Clustering analysis is a common form of unsupervised learning where a dataset is to be divided into a specified number of different groups based on the clustering process being used. In the case of k-nearest neighbors clustering, each sample from the dataset is labeled or classified in accordance with the majority vote of the k-closest points to the sample. As there are no manually identified labels, the performance of unsupervised algorithms can vary greatly with the data being used, as well as the selected parameters of the model. For example, should we use the 5 closest or 10 closest points in the majority vote of the k-closest points? The lack of known and target outputs during training leads to unsupervised methods being commonly used in exploratory analysis or in scenarios where the ground truth targets are somewhat ambiguous and are better defined by the constraints of the learning method.

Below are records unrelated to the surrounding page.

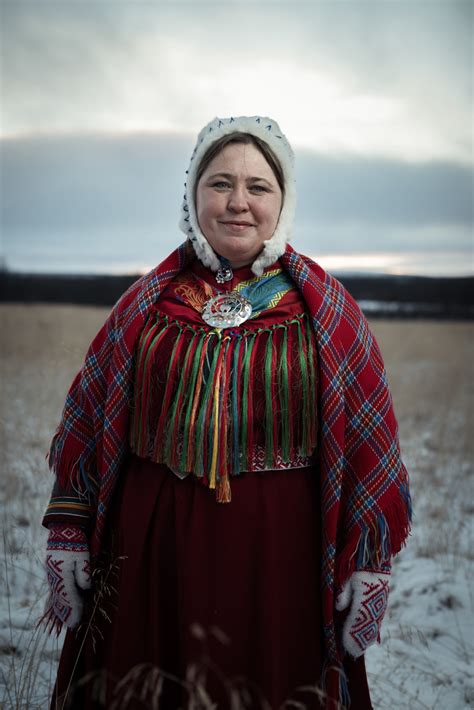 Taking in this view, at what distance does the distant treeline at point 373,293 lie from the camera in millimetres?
8977

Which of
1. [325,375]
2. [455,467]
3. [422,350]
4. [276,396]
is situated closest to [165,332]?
[276,396]

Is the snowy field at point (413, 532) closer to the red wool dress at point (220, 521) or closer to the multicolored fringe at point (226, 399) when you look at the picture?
the red wool dress at point (220, 521)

We will not cover unsupervised learning in great detail in this book, but it is useful to summarize the main difference between the two methods. Supervised learning methods require ground truth labels or the answers for the input data, while unsupervised methods do not use such labels, and the final result is determined by the constraints applied during the training process.

Why Python?

So, why have we chosen the Python programming language for our investigation into supervised machine learning? There are a number of alternative languages available, including C++, R, and Julia. Even the Rust community is developing machine learning libraries for their up-and-coming language. There are a number of reasons why Python is the first-choice language for machine learning:

There is great demand for developers with Python expertise in both industry and academic research.
Python is currently one of the most popular programming languages, even reaching the number one spot in IEEE Spectrum magazine's survey of the top 10 programming languages (https://spectrum.ieee.org/at-work/innovation/the-2018-top-programming-languages).
Python is an open source project, with the entire source code for the Python programming language being freely available under the GNU GPL Version 2 license. This licensing mechanism has allowed Python to be used, modified, and even extended in a number of other projects, including the Linux operating system, supporting NASA (https://www.python.org/about/success/usa/), and a plethora of other libraries and projects that have provided additional functionality, choice, and flexibility to the Python programming language. In our opinion, this flexibility is one of the key components that has made Python so popular.
Python provides a common set of features that can be used to run a web server, a microservice on an embedded device, or to leverage the power of graphical processing units to perform precise calculations on large datasets.
Using Python and a handful of specific libraries (or packages, as they are known in Python), an entire machine learning product can be developed—starting with exploratory data analysis, model definition, and refinement, through to API construction and deployment. All of these steps can be completed within Python to build an end-to-end solution. This is the significant advantage Python has over some of its competitors, particularly within the data science and machine learning space. While R and Julia have the advantage of being specifically designed for numerical and statistical computing, models developed in these languages typically require translation into some other language before they can be deployed in a production setting.

We hope that, through this book, you will gain an understanding of the flexibility and power of the Python programming language and will start on the path of developing end-to-end supervised learning solutions in Python. So, let's get started.